- Input records
▶

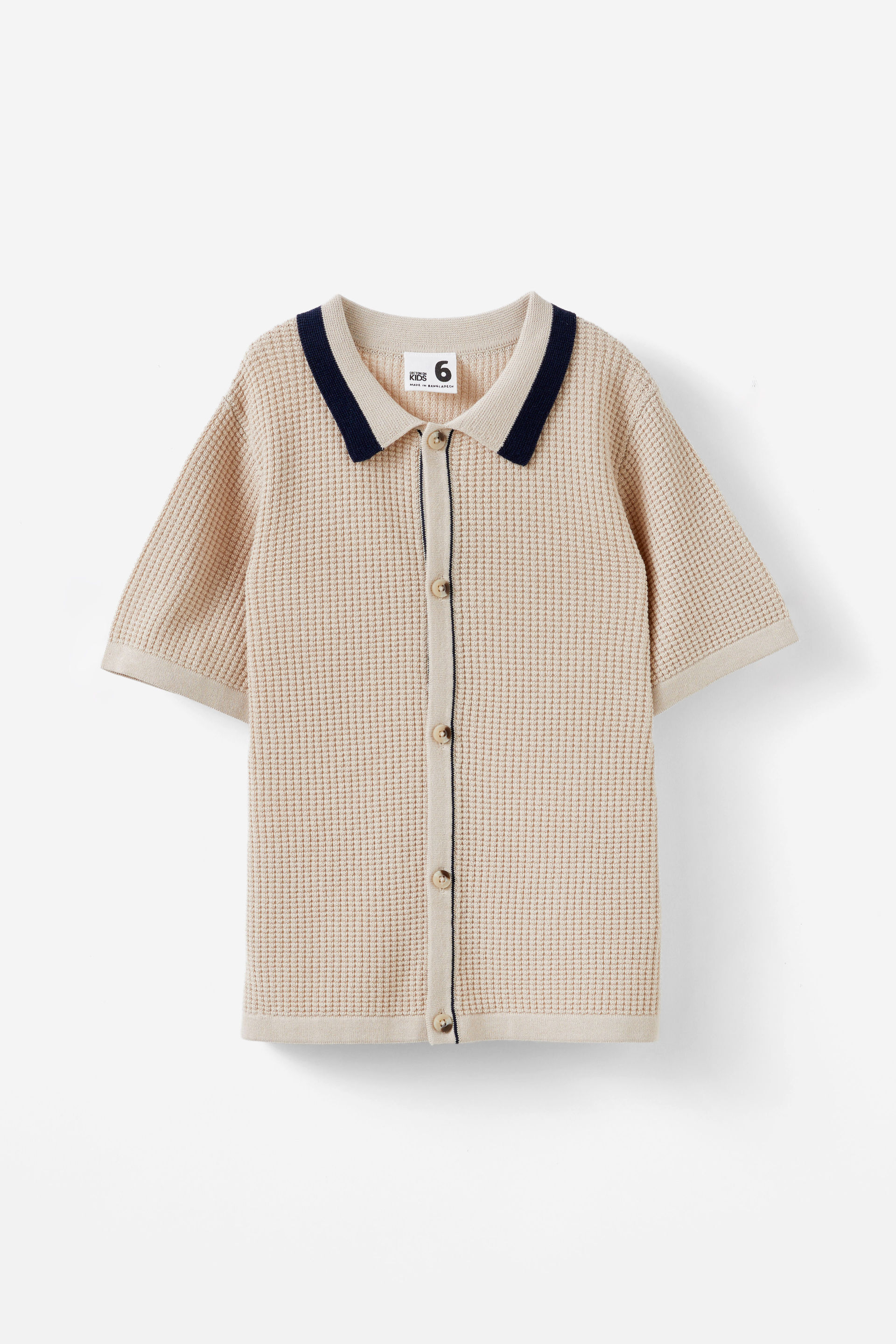 Knitted Short Sleeve Shirt rainy day/waffle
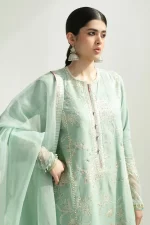 zara shahjahan, 3 piece suit, unstitched, jacquard, Amira 5b, side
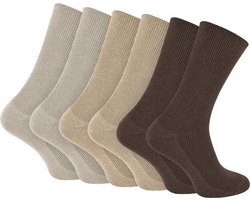 Marco Rossi 6 Paar Diabetes Sokken - 47-50 - Bruin/Zand/Beige - Wijde Boord - Sokken Zonder Elastiek - Non Elastische Top - Anti-Press - Medische Sokken - Medical socks - Naadloos - Dames en Heren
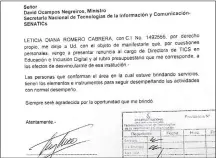  ??  ?? Romero presentó su renuncia el 19 de marzo “por cuestiones personales”, pero desde noviembre es investigad­a.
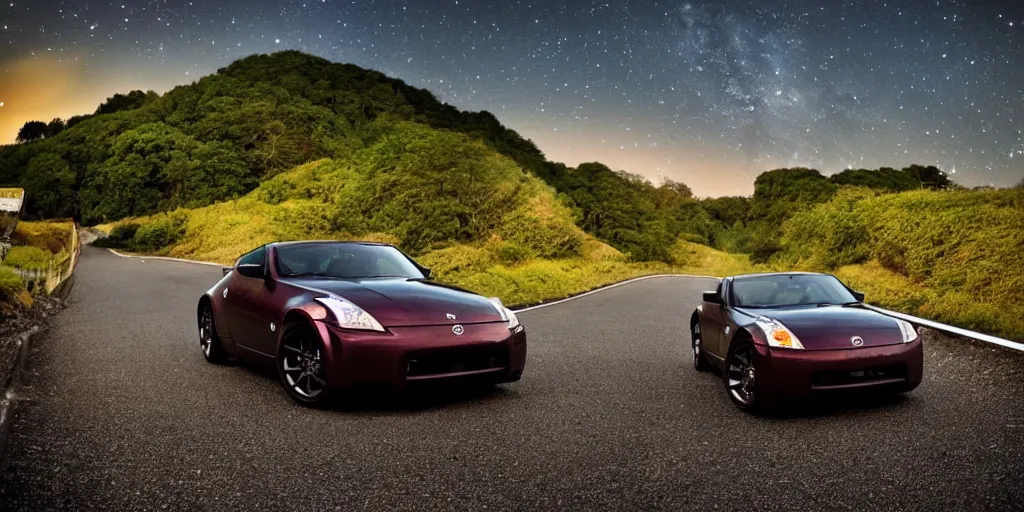 Image similar to Beautiful Photograph of Nissan 350z on a road in Japanese countryside, Night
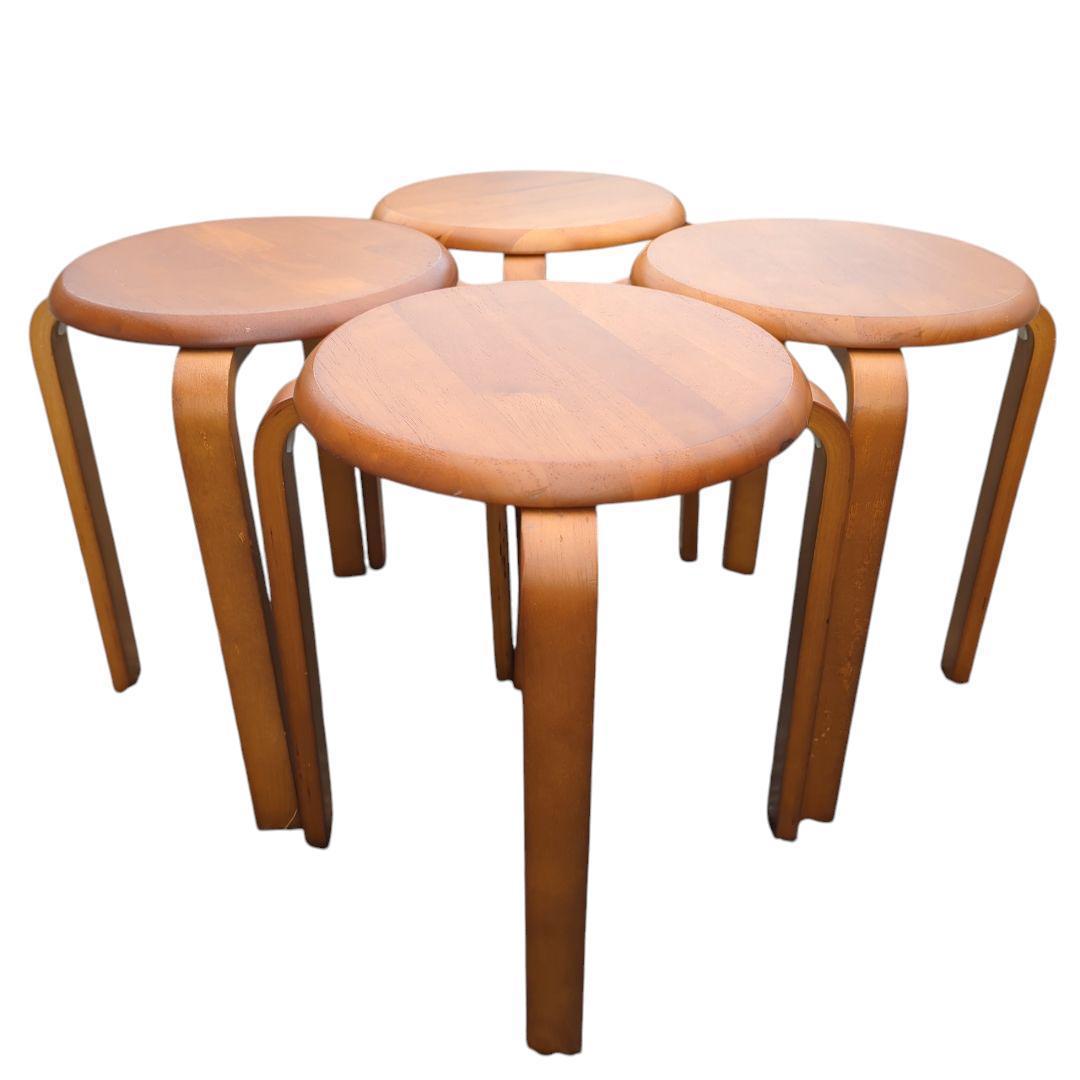 ウッドスツール 4脚セット 丸椅子 木製 スタッキング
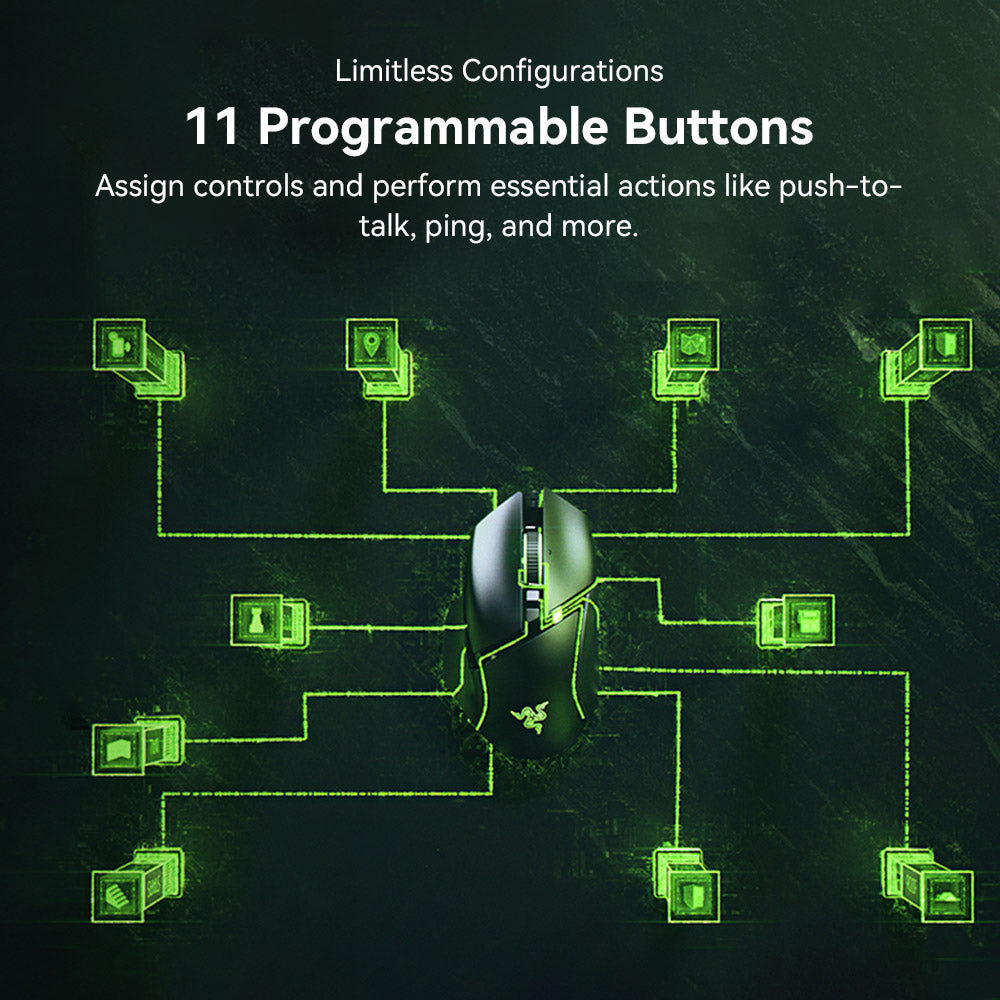 Herná myš Razer Basilisk V3, RGB podsvietenie, 26K DPI optický senzor, 11 programovateľných tlačidiel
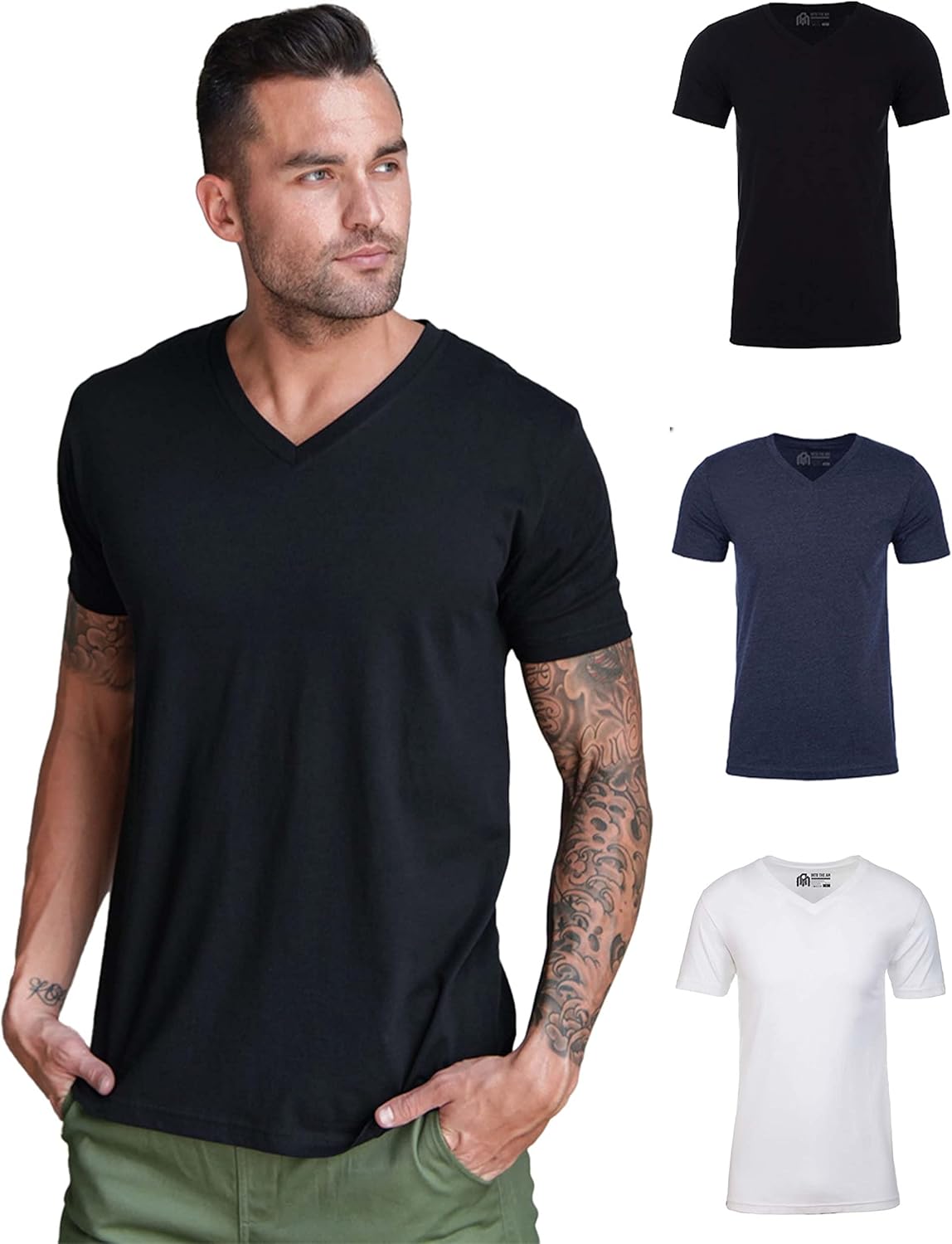 INTO THE AM Premium V Neck T Shirts for Men - Stylish Comfort
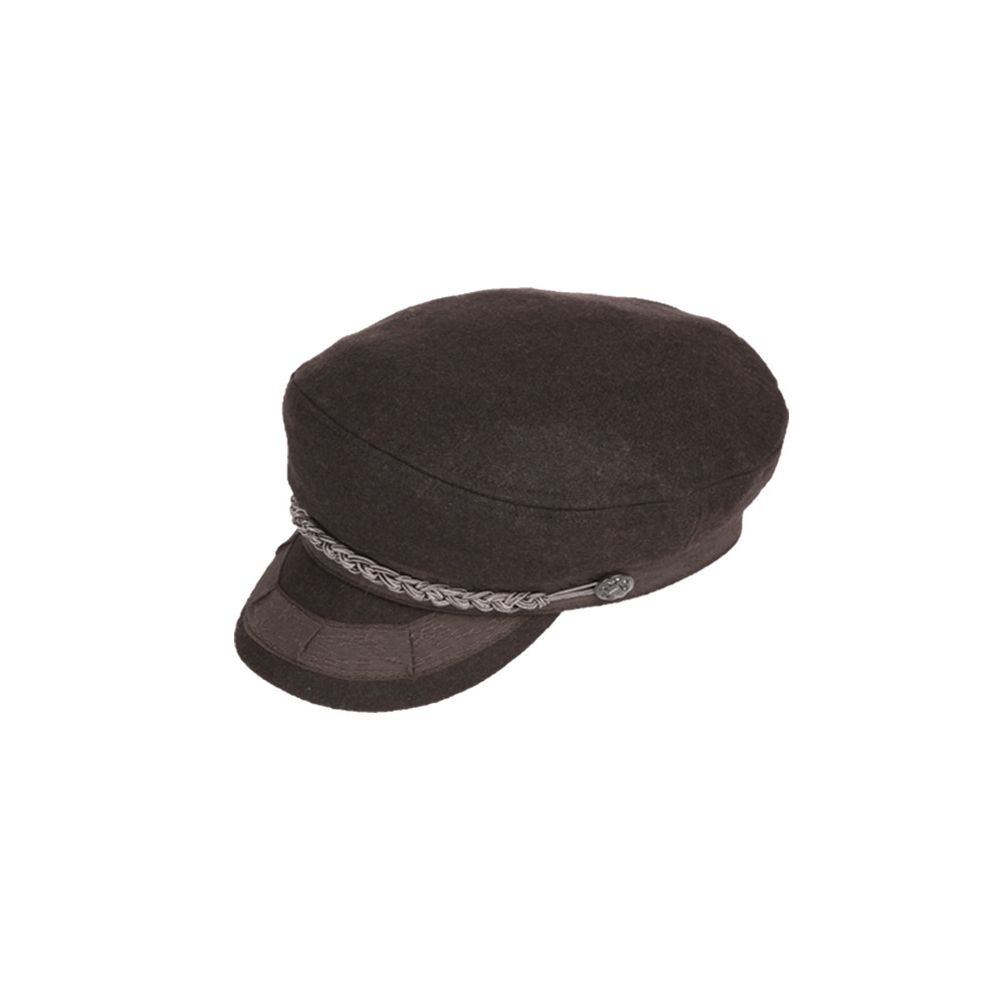 12 Wholesale Wool Greek Fisherman Hats With Braid Band In Brown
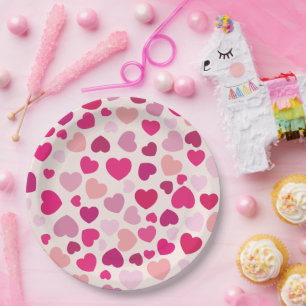 Assiettes En Carton Coeurs roses avec blanc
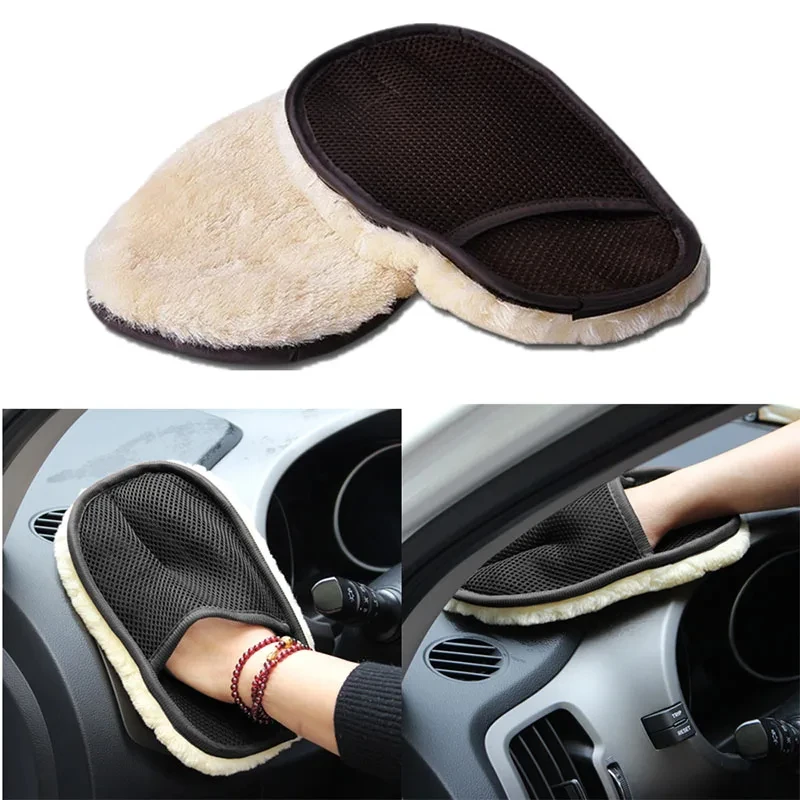 Car Cleaning Sponge Glove Car Polishing Washing Mitt Gloves Microfibre Wash For Automotive Kitchen Homes Cleaner Wool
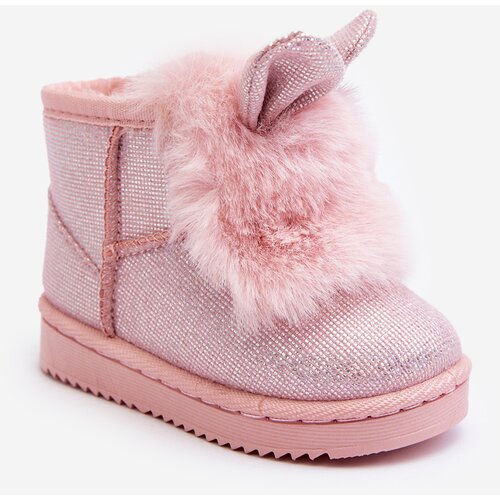 Kesi Children's snow boots insulated with fur, light pink Betty Ears Cene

◀

- What needs to be done
Print the whole listing exactly. No pictures belong in the copy.

- Response
 Knitted Short Sleeve Shirt rainy day/waffle
 zara shahjahan, 3 piece suit, unstitched, jacquard, Amira 5b, side
 Marco Rossi 6 Paar Diabetes Sokken - 47-50 - Bruin/Zand/Beige - Wijde Boord - Sokken Zonder Elastiek - Non Elastische Top - Anti-Press - Medische Sokken - Medical socks - Naadloos - Dames en Heren
  ??  ?? Romero presentó su renuncia el 19 de marzo “por cuestiones personales”, pero desde noviembre es investigad­a.
 Image similar to Beautiful Photograph of Nissan 350z on a road in Japanese countryside, Night
 ウッドスツール 4脚セット 丸椅子 木製 スタッキング
 Herná myš Razer Basilisk V3, RGB podsvietenie, 26K DPI optický senzor, 11 programovateľných tlačidiel
 INTO THE AM Premium V Neck T Shirts for Men - Stylish Comfort
 12 Wholesale Wool Greek Fisherman Hats With Braid Band In Brown
 Assiettes En Carton Coeurs roses avec blanc
 Car Cleaning Sponge Glove Car Polishing Washing Mitt Gloves Microfibre Wash For Automotive Kitchen Homes Cleaner Wool
 Kesi Children's snow boots insulated with fur, light pink Betty Ears Cene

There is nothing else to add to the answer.